I agree with one part and not the other. The part I disagree on is that we got to accept our part in picking them. The reason I disagree is for many of us the person we thought we picked was an allusion. Someone they chose to play. I had no clue when I married my husband that he was an addict or an abuser. None. And there were no signs. My therapist and I went over it many times and there really were none. He played a part to get what he wanted. He was a very convincing actor. If I had had a sign that he was an addict or abuser I would have run in the other direction fast. I had a daughter to protect and was very stricked on who I dated. So there may be signs for some people but not for everyone.

On the hung on to part I totally agree. It was my choice to stay when he abused me, it was my choice to stay when I found out 5yrs into the marriage that he was also an addict. Didn't help that I had just given birth a few weeks earlier to our 3rd child. I did have choices and I made very poor ones. So I do agree we have to accept our part.

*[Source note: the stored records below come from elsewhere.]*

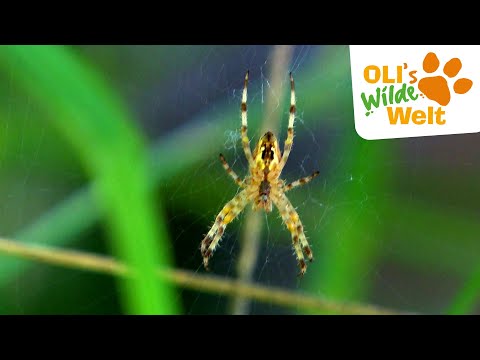 Sind Kreuzspinnen giftig? | OLI's Wilde Welt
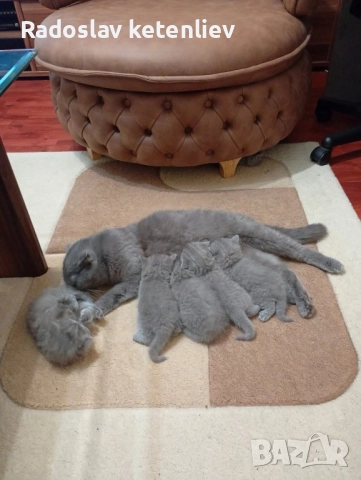 Шотландска клепоуха , снимка 3 - Британска късокосместа - 52379618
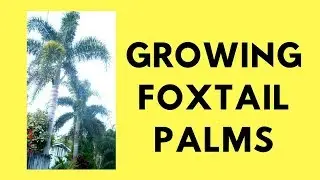 Growing Foxtail Palms From Seed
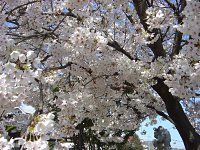 入園式に合わせて満開となった桜。今年も美しく咲きました。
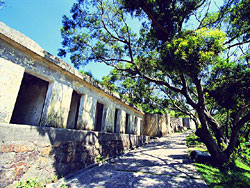 Lung Fu Shan Country Park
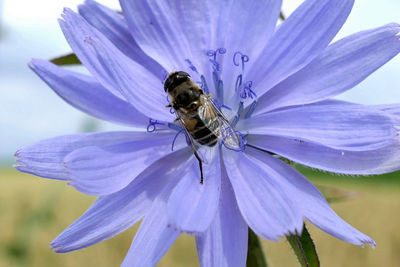 Close-up of bee on purple flower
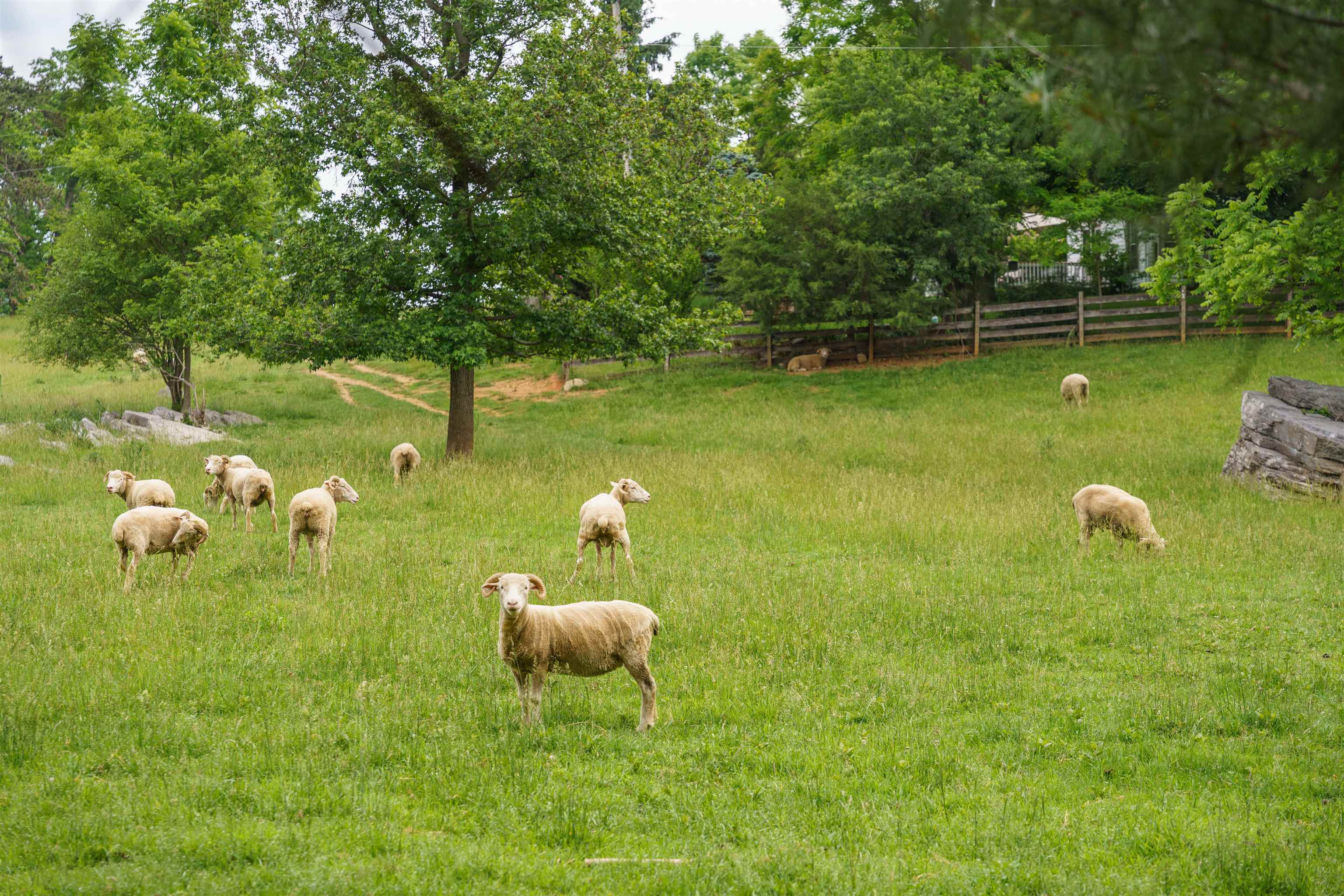 1055 Hundley Distillery Road Churchville, VA 24421 - Photo 10 of 10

IPT all I can say is when you get those feelings go do something special for you. Something you enjoy. It helps. I didn't believe it at first when my therapist told me this or the women from my survivors of domestic violence group told me also. But it does help. I still wish he would suffer the way I did. But when those feelings or thoughts come I phone my kids, or I go for a walk with my dog, call a friend or do my crafts. Something that will change my train of thought. These thoughts are my problem not his. He is his own worst problem. He has to take care of himself and I have to take care of me and my kids.